Train a Neural Network Using Flux
Overview
This example describes how to run a neural learning workflow using the famous MNIST dataset of handwritten digits. Flux.jl is a powerful Julia library for many types of machine learning, including neural networks. We will training a neural network on images of handwritten numbers to create an image classifier.
Modeling Process
Imports
This exercise uses Flux to train a simple neural network. The code loads several functions from Flux as well as some base functions.
using Flux, Flux.Data.MNIST
using CUDA
using Flux: onehotbatch, argmax, crossentropy, throttle, @epochs
using Base.Iterators: repeated
using Images
We can then check to see if CUDA is enabled. This will allow the model to run on the GPU instead of the CPU. This is potentially faster to train, but the speedup depends on a lot of factors.
CUDA.functional()
Download and Examine the Dataset
First, we need to download the dataset. Flux has several built-in datasets, including MNIST. We can then take a look at the first image to see the type of data we are dealing with.
imgs = MNIST.images();
colorview(Gray, imgs[1])
labels = MNIST.labels();
labels[1]
We next convert the data into float32s to speed up training and reduce memory footprint while retaining precision.
float32converter(X) = Float32.(X)
f32_imgs = float32converter.(imgs)
We then convert the individual images to a single vector of size 784 (28x28) by 60000 (the number of images).
vectorize(x) = x[:]
vectorized_imgs = vectorize.(f32_imgs);
X = hcat(vectorized_imgs...)
size(X)
To look at only one image, we have to select a column and reshape.
one_image = X[:,1]
image_1 = reshape(one_image,28,28)
colorview(Gray,image_1)
Lastly, we transform the labels from digits to one-hot vectors. For example, if the label is 3, the y value will be [0 0 0 1 0 0 0 0 0 0].
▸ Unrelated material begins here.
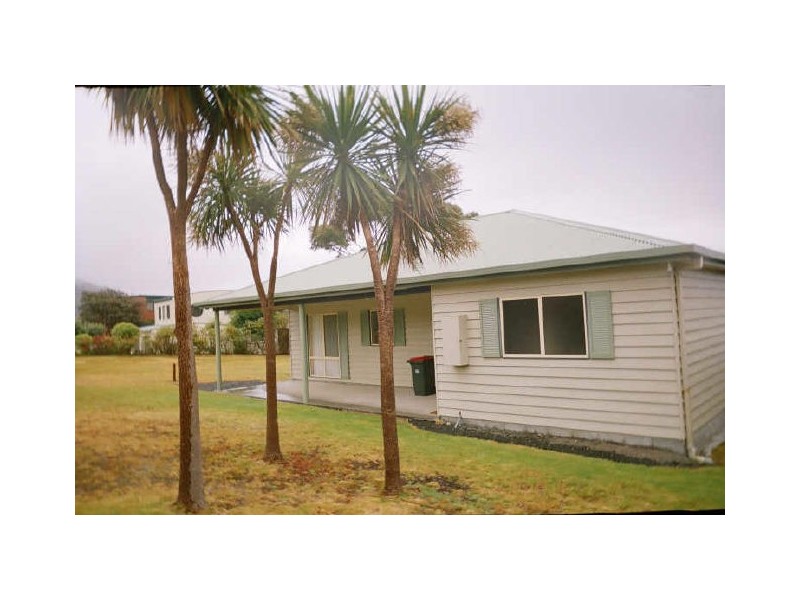 11 Waubs Court, Bicheno TAS 7215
y = onehotbatch(labels, 0:9)
Build and Train the Model
Now we will actually build out neural network model. We will use a 32 node hidden layer and a 10 node output layer.
model = Chain(
Dense(28^2, 32, relu),
Dense(32, 10),
softmax)
If we take a look at the output of the model now, we can see that it was initialized without any knowledge of the input. Each digit is approximately equally likely as an output.
model(one_image)
We then move the data to the GPU for processing. This is accomplished using the fmap
function for the model and the cu
function for the data.
X = cu(X)
y = cu(y)
model = fmap(cu, model)
Next, we will set up our loss and optimization functions. We also create an function to display the loss at each step and define the parameters of the model.
loss(x, y) = Flux.crossentropy(model(x), y)
opt = ADAM()
evalcb = () -> @show(loss(X, y))
ps = Flux.params(model);
We will then repeat the data we send to the neural network. This is a simple way to give the network more chances for corrections.
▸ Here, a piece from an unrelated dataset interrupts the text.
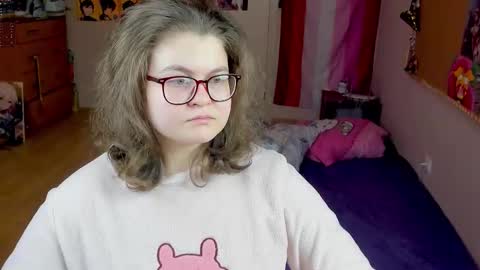 .Alexandra online show from January 2026 02:10:01 PM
dataset_x = repeated((X, y), 200)
C = collect(dataset_x);
And finally we train the model for 10 epochs on the GPU. You can type watch nvidia-smi
in a terminal to see the GPU utilization.
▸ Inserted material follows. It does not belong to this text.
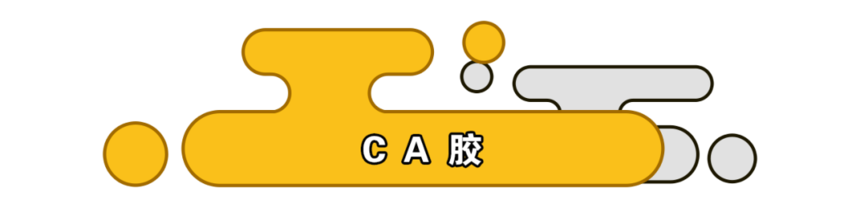 ΢ňDƬ_20210311200710.png
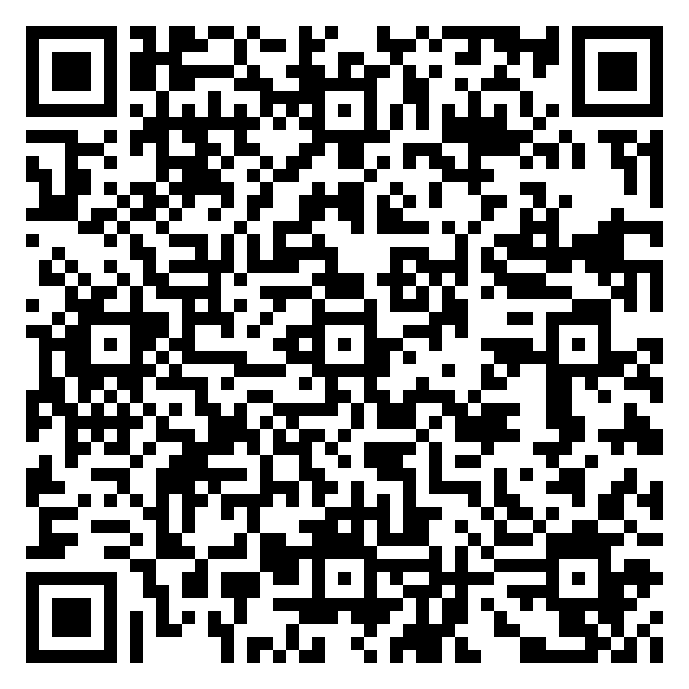 kod QR z danymi kontaktowymi 27764085100000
@epochs 10 Flux.train!(loss, ps, dataset_x, opt, cb = throttle(evalcb, 10))
We can check how the model performs on the test set. We move the model back to the CPU for this step.
Here we simply choose the first image to check. The maximum value of the model output is at the index corresponding to the digit 7 (which aligns with the actual image).
X_test = hcat(float.(reshape.(MNIST.images(:test), :))...);
model = model |> cpu
test_image = model(X_test[:,1])
float32converter.(test_image)
argmax(test_image) - 1
test_image_1 = reshape(X_test[:,1],28,28)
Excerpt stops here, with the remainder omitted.